I haven't been ready to write...I have just been waiting...for what I'm not sure. But today I passed your son on the way to school and the tears came again. I miss you. In recent times, we didn't see each other much, but there was a time when we were a big part of each other's lives, and we were always in each other's prayers.

I can't help but think about you as Eve's Daughters begins to blossom. You would have loved the concept of moms supporting moms. Of creating a place for moms to belong, to socialize, to talk, to be accepted, to be loved. You would have been right there dishing up the soup, helping the little kids with crafts, and sharing your journey as a single mom.

But you aren't here. It happened so fast. I was so lucky to be able to share the last weeks with you, to watch your courage, to tell you what a great job you did raising your boy, and then to see you say goodbye to him.

"I won't see him graduate," was the first thing you said to me when the doctors told you it was terminal. When I saw your son today...I couldn't help but remember the words. High school graduation is around the corner.

Tes, I know you struggled at times with being a single mom...we all do...but you held on. You made difficult decisions when you had to, you fought the good fight daily, and you loved at all times. You would have never thought of yourself as an inspiration to others...but you were...and still are.

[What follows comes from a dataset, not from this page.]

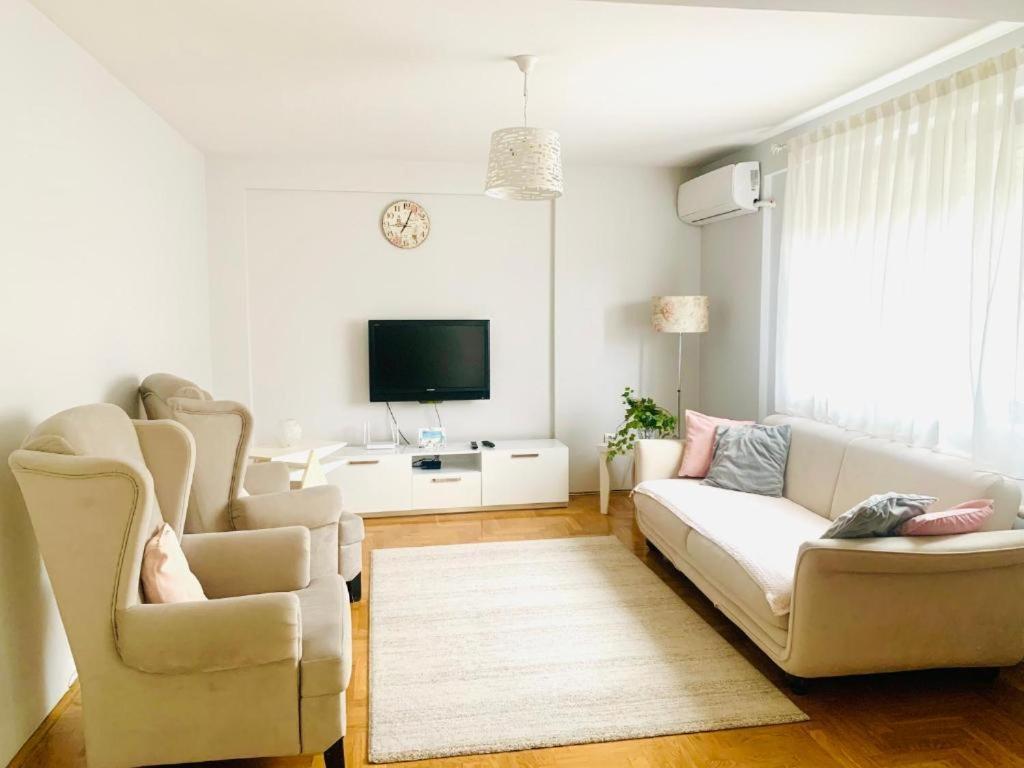 Cozy City Center Apartment 프리즈렌 외부 사진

Eve's Daughters is a place where single moms can come to be encouraged, renewed and validated. You would have loved it. You would have been right there serving with a smile so engaging that people would forget their troubles for awhile.

I wish you were here. I'm not ready to say goodbye. So instead...thanks for teaching me so much about perseverance...so much about sacrifice...and so much about love. Thank you for showing me that it doesn't matter what our struggles...it is all worth it...we do it gratefully for our children.

I push on with Eve's Daughters knowing how important it is to moms like you...and to sons like ours. I love you Tes, thank you. - Cathy

Tuesday, April 6, 2010

What Does Your Saturday Look Like?

I had a great series of conversations recently with someone who’s been helping me walk through some disappointments. While this person is definitely pro-Karen (which is a fabulous help), he can’t walk the path for me. All he can do is listen, point me back to True North and help me on my journey.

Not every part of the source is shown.